**About this task**: Print exactly, and only, the lines from the one containing "Soybean Hail Damage Chart" through the last line of the records below, both included; leave out the pictures.

(Scraped caption text data)

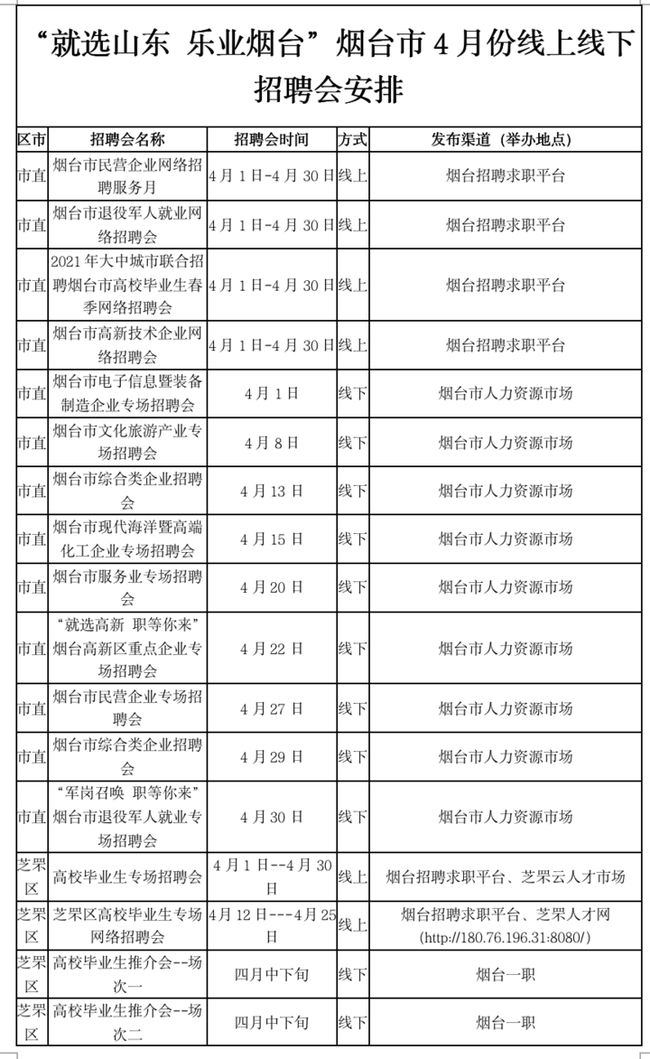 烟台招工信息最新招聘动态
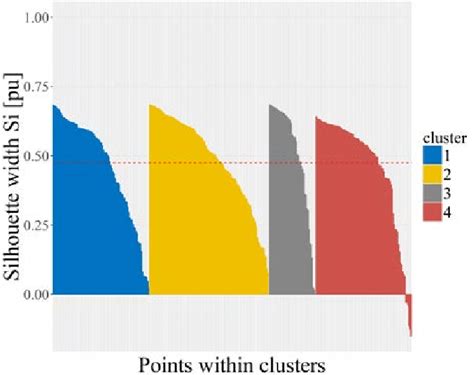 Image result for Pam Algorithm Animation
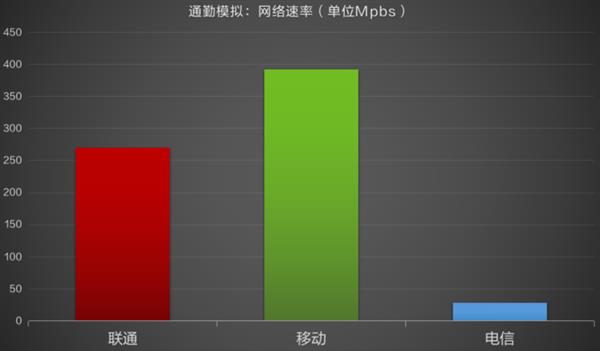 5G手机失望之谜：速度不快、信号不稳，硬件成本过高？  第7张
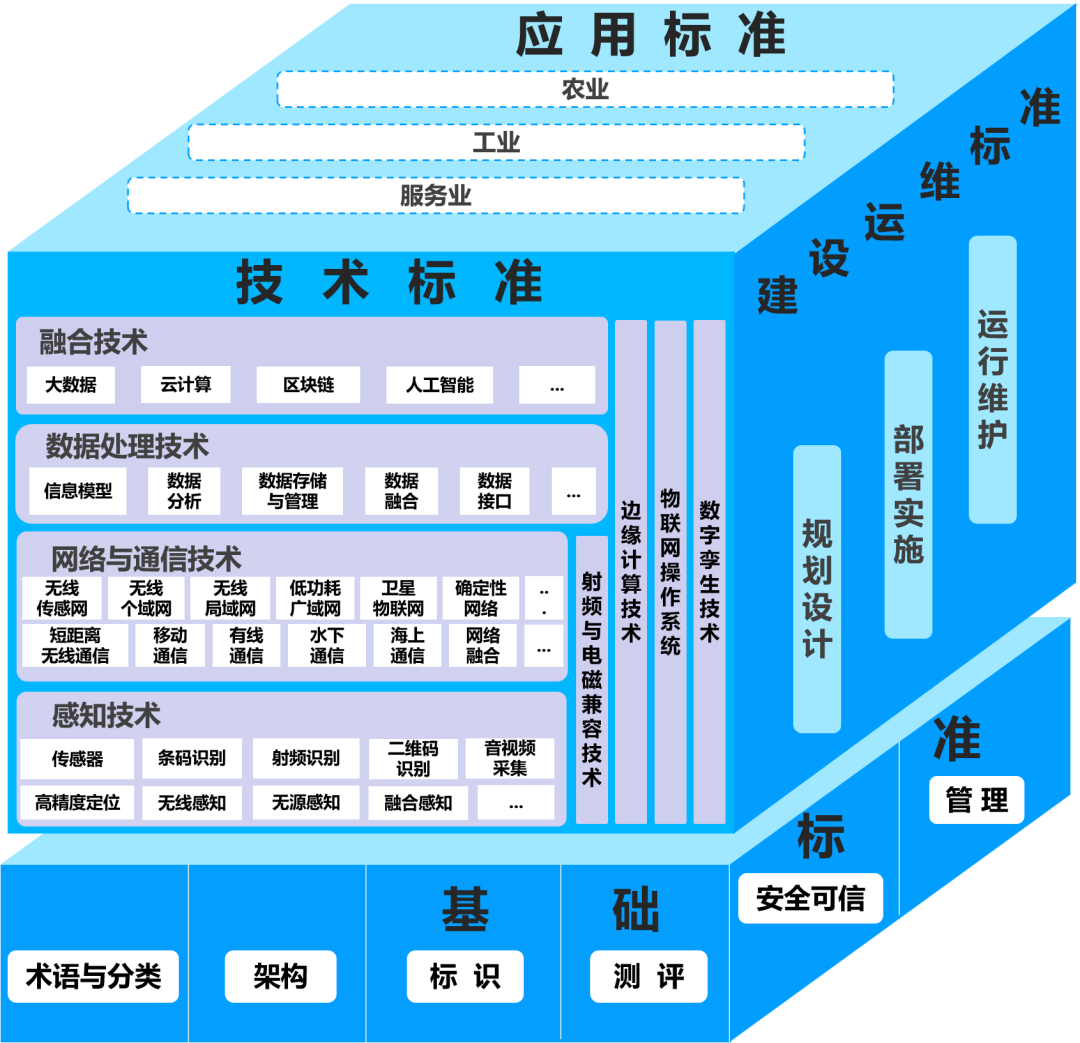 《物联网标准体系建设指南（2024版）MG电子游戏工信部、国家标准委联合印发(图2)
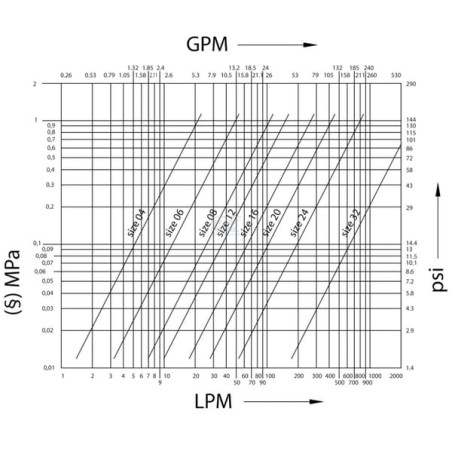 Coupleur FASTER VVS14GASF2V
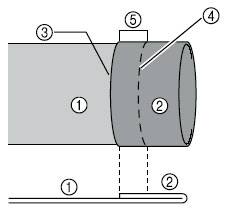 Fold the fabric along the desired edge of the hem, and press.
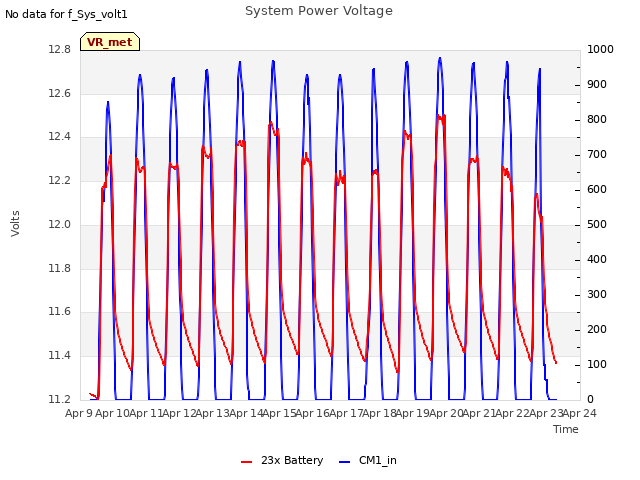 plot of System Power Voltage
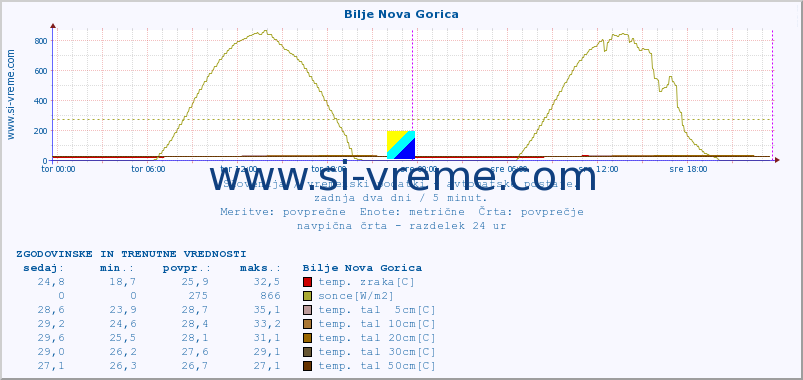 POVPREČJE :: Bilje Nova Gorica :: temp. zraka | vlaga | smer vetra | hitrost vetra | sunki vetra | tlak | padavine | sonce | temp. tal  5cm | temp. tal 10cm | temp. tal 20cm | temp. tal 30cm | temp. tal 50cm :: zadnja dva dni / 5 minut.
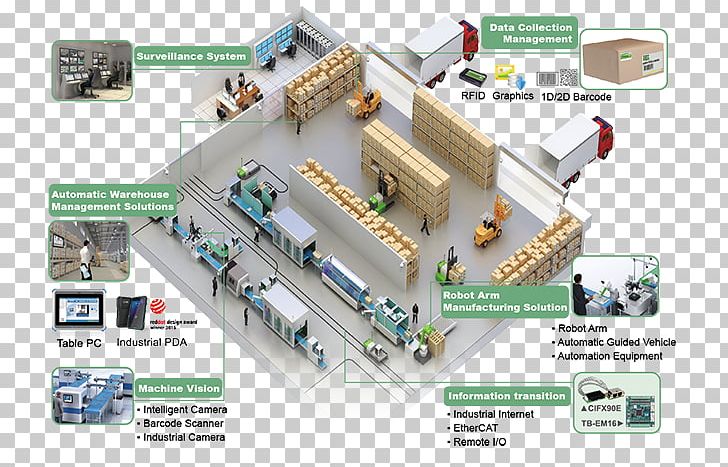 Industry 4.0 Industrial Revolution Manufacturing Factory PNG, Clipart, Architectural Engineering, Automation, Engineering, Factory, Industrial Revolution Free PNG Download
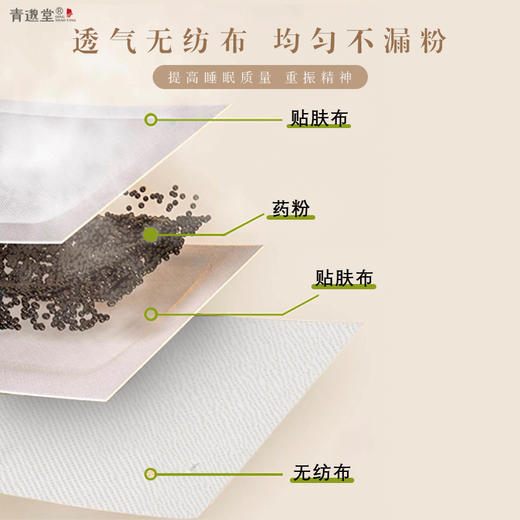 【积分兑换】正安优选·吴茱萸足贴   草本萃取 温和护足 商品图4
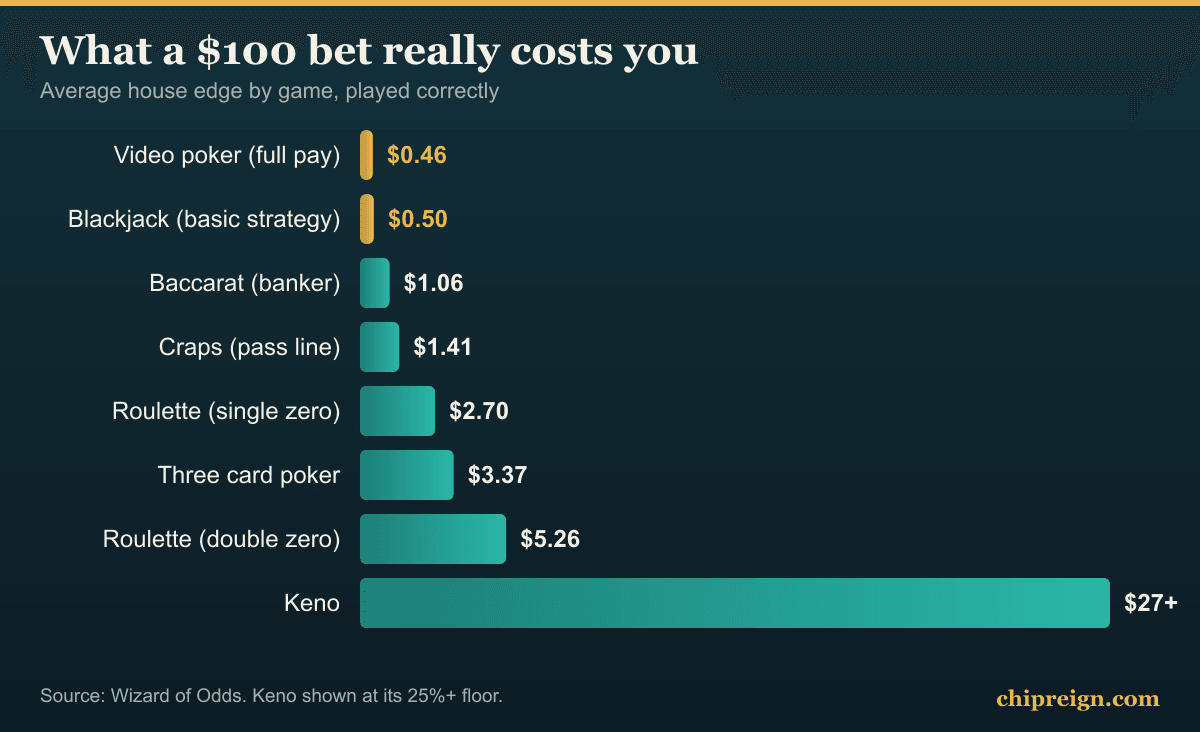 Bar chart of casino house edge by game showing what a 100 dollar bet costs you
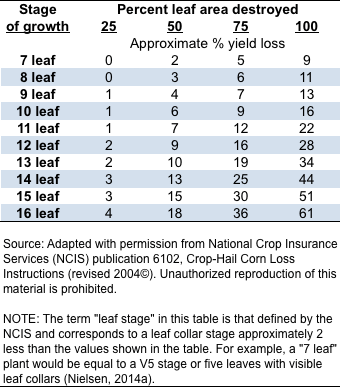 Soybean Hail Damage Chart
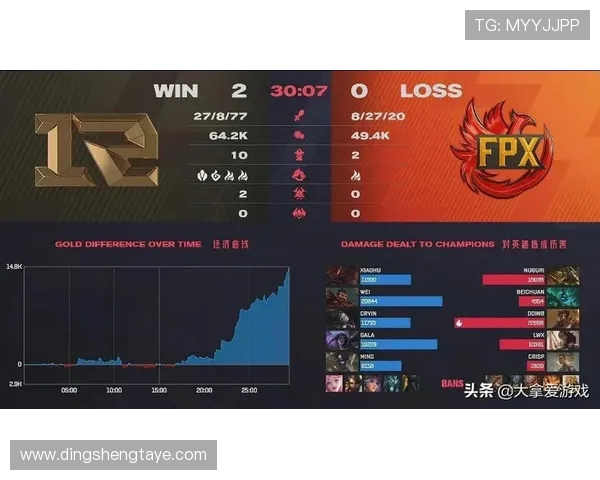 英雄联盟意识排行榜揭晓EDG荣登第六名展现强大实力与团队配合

**Reply**:
 Soybean Hail Damage Chart
 英雄联盟意识排行榜揭晓EDG荣登第六名展现强大实力与团队配合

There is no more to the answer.